# How to find solutions to a Legendre equation?

1. Dec 8, 2013

### Nat3

1. The problem statement, all variables and given/known data

Find the first three positive values of $\lambda$ for which the problem:

$(1-x^2)y^n-2xy'+\lambda y = 0, \ y(0)=0, \ y(x)$ & $y'(x)$ bounded on $[-1, 1]$

has nontrivial solutions.

2. Relevant equations

When n is even:

$y_1(x) = 1 - \frac{n(n+1)}{2!}x^2 + \frac{(n-2)(n(n+1)(n+3)}{4!} - ...$

When n is odd:

$y_2(x) = x - \frac{(n-1)(n+2)}{3!} + \frac{(n-3)(n-1)(n+2)(n+4)}{5!} - ...$

3. The attempt at a solution

I was able to do part of the problem myself. By plugging in zero into both of the above equations and then comparing to initial conditions, I was able to determine that n is odd. However, I don't know what to do next.

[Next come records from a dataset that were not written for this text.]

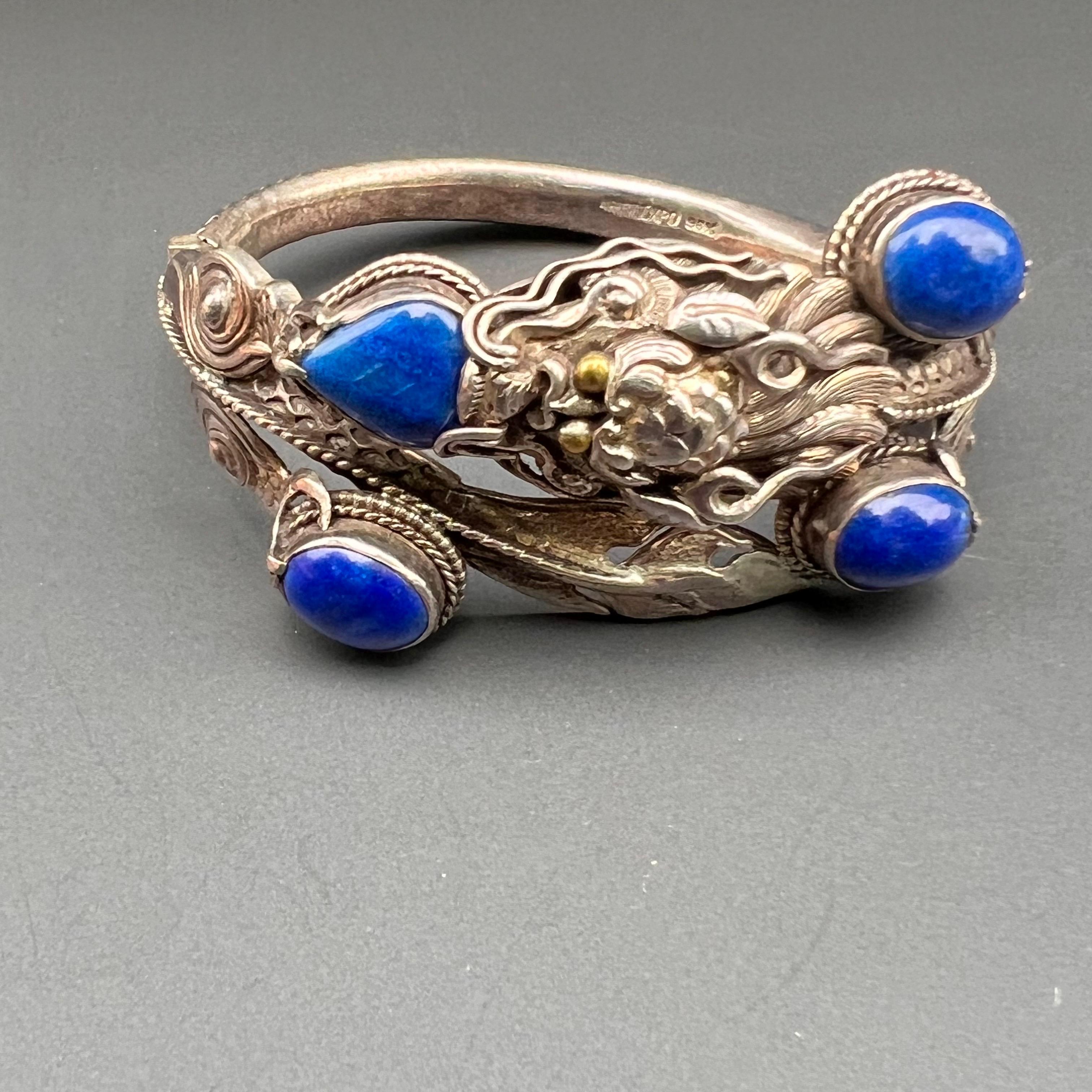 Lassen Sie sich von der Magie des Ostens verzaubern mit unserem bezaubernden chinesischen Drachen-Armreif, einem Symbol für Stärke und Glück. Der mit einem detaillierten chinesischen Drachenmotiv geschmückte Armreif ist ein zeitloses Stück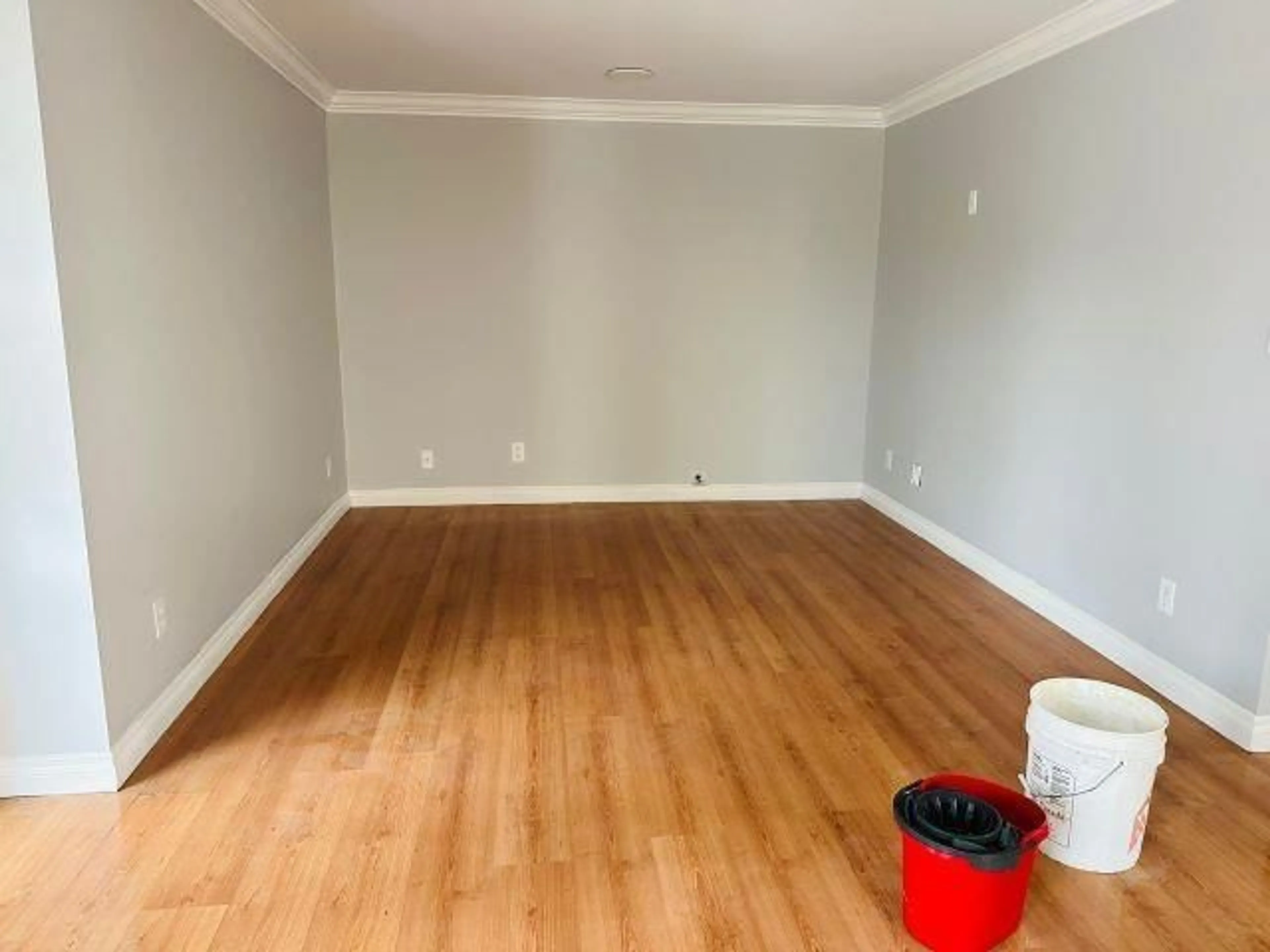 A pic of a room for 46169 BROOKS AVENUE, Chilliwack British Columbia V2P1C2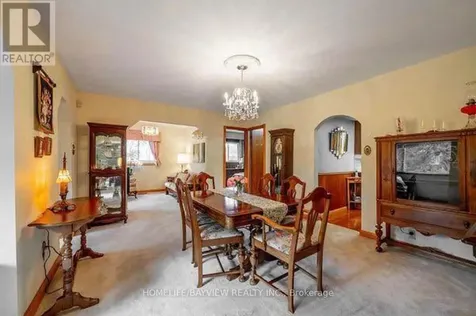 3 Stapleton Drive Whitchurch-stouffville ON L4A 2Z3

My textbook does not have *any* examples for this type of problem and I haven't been able to find anything I understand online. I looked the problem up on Chegg and found it here:

http://www.chegg.com/homework-help/...hapter-6.4-problem-47e-solution-9781111827052

Steps 1-2 on there are basically what I did, but then they jump to the answer in step 3 with zero explanation as to how they got there.

I don't want to just copy what they did with no understanding of how they got there, I want to actually understand it.. Can anyone explain what I need to do next to get the solutions?

Thanks :)

2. Dec 9, 2013

### vela

Staff Emeritus
The usual approach is to find a series solution. The requirement that y and y' remain bounded requires that $\lambda$ take on only certain values.